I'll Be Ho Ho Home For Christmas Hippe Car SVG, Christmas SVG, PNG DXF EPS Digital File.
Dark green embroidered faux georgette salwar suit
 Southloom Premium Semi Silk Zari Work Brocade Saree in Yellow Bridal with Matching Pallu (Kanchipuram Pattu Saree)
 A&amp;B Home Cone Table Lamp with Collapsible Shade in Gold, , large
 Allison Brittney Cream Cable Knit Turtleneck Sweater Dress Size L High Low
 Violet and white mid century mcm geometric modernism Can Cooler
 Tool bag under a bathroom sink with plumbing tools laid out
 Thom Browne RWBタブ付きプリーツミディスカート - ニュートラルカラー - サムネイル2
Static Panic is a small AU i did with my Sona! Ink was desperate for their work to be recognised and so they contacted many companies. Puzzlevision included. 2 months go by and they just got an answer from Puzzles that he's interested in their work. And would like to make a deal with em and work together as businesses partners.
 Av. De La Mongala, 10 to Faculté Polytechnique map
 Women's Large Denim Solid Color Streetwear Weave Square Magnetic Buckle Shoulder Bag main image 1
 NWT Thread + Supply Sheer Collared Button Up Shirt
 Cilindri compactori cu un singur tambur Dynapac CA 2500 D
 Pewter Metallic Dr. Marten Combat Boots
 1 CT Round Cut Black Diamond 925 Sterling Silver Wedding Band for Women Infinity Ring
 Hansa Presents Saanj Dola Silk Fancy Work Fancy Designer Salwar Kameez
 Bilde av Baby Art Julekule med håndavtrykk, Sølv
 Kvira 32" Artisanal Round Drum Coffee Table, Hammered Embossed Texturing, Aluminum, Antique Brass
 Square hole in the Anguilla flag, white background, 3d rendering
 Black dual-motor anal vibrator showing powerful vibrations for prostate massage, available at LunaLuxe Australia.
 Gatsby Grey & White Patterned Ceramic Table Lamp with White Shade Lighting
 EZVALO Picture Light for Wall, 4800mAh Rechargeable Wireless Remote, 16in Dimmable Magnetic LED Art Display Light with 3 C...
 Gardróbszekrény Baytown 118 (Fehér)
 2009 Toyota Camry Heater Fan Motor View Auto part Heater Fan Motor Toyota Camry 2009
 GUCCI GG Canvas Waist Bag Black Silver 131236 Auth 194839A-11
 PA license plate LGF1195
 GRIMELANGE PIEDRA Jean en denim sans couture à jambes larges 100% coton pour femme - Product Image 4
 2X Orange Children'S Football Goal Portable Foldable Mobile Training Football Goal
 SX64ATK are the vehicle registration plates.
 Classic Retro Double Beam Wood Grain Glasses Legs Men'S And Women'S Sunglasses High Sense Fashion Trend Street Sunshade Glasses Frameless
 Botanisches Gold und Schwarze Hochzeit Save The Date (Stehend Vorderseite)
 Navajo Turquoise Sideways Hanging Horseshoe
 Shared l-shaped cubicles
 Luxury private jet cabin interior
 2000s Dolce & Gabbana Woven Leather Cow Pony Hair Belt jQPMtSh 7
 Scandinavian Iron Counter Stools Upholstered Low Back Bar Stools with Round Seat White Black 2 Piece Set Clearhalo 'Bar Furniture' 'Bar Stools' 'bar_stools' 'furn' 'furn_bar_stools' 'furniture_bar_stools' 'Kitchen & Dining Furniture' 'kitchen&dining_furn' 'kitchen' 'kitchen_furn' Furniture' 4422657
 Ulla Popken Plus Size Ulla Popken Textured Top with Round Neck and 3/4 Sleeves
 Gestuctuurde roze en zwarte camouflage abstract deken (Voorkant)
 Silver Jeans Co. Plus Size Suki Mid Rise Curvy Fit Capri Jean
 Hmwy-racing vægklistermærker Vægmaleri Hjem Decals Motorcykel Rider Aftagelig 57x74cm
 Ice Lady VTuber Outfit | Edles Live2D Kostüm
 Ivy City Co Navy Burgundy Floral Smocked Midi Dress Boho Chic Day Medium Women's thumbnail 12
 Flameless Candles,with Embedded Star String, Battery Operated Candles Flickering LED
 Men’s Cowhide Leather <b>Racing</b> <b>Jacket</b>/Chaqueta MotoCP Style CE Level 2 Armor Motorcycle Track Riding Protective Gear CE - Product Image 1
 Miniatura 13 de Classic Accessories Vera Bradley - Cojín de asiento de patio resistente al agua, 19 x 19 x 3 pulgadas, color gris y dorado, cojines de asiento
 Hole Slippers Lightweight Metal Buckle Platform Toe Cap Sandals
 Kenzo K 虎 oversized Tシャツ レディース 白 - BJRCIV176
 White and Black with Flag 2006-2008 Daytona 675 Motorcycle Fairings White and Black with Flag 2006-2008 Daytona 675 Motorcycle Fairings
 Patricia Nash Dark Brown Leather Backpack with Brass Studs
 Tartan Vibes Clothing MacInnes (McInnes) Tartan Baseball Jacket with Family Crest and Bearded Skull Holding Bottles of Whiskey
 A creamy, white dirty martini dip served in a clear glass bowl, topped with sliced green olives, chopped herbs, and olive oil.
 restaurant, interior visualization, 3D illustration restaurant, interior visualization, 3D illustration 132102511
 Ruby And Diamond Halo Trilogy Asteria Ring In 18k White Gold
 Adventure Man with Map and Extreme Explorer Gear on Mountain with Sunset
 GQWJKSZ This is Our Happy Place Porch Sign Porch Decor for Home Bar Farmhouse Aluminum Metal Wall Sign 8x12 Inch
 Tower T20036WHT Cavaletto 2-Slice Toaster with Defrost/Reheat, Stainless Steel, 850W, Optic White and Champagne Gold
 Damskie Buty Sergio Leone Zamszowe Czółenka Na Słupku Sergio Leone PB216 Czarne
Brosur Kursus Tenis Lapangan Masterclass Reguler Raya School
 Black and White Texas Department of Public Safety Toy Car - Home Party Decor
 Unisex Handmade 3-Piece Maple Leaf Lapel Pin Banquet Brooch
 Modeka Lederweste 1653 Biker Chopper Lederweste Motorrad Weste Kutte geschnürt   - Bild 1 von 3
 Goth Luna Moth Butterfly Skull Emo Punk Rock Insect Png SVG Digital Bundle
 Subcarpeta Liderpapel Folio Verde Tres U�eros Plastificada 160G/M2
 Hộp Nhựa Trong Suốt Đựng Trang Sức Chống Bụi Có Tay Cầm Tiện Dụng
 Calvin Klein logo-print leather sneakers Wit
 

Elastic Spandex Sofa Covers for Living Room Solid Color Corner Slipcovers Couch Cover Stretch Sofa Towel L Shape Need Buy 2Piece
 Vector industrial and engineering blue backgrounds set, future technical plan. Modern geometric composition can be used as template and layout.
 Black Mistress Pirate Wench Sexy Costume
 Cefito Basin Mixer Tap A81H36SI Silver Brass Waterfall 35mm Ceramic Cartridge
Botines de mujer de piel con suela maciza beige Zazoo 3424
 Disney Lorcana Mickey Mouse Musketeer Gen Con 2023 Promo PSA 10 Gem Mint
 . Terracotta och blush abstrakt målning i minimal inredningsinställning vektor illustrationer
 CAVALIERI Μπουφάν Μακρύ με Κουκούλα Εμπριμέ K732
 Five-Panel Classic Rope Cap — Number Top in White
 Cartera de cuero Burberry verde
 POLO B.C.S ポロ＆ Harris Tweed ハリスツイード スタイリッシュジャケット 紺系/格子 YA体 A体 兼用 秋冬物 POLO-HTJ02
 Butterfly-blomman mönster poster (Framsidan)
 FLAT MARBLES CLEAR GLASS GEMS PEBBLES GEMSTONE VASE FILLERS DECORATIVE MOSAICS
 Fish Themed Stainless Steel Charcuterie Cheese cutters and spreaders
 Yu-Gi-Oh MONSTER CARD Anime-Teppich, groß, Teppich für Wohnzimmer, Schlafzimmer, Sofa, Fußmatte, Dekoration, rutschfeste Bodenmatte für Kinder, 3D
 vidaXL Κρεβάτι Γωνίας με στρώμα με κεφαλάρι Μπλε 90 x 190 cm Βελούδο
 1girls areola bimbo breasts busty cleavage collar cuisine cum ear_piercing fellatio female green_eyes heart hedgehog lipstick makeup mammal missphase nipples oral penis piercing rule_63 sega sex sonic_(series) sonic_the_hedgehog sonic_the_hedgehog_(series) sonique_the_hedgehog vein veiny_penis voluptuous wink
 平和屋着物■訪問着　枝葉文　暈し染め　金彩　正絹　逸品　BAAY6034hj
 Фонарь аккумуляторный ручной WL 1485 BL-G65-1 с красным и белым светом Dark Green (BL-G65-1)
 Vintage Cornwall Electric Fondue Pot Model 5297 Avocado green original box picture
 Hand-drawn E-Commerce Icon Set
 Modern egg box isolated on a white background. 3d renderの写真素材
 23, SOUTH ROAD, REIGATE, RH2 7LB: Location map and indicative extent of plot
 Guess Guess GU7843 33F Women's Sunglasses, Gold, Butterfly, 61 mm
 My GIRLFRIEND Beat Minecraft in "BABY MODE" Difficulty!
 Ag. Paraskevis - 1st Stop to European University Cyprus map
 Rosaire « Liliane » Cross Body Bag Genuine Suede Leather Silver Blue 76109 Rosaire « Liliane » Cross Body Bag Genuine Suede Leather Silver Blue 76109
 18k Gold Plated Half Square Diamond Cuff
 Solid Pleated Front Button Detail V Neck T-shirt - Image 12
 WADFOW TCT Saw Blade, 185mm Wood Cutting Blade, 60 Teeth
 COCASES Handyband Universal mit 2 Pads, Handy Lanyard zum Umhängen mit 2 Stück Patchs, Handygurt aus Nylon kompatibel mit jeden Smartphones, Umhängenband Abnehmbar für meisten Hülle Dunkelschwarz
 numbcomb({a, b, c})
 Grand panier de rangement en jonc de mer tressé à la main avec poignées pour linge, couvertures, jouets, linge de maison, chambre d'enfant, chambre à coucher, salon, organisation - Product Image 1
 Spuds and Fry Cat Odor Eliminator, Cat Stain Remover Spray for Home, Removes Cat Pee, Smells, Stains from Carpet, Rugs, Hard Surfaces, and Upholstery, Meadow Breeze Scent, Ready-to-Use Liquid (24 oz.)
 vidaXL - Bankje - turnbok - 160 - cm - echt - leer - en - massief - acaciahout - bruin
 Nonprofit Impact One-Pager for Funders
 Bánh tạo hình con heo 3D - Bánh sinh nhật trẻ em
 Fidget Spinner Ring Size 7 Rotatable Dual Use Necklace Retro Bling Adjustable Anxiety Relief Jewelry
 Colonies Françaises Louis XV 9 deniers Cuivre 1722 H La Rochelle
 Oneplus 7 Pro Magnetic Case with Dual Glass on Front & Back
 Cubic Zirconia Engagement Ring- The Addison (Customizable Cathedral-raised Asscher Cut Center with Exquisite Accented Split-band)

○ ○ ○

Number of lines above holding "Brass"? Give that number alone.

> **Task output**: 3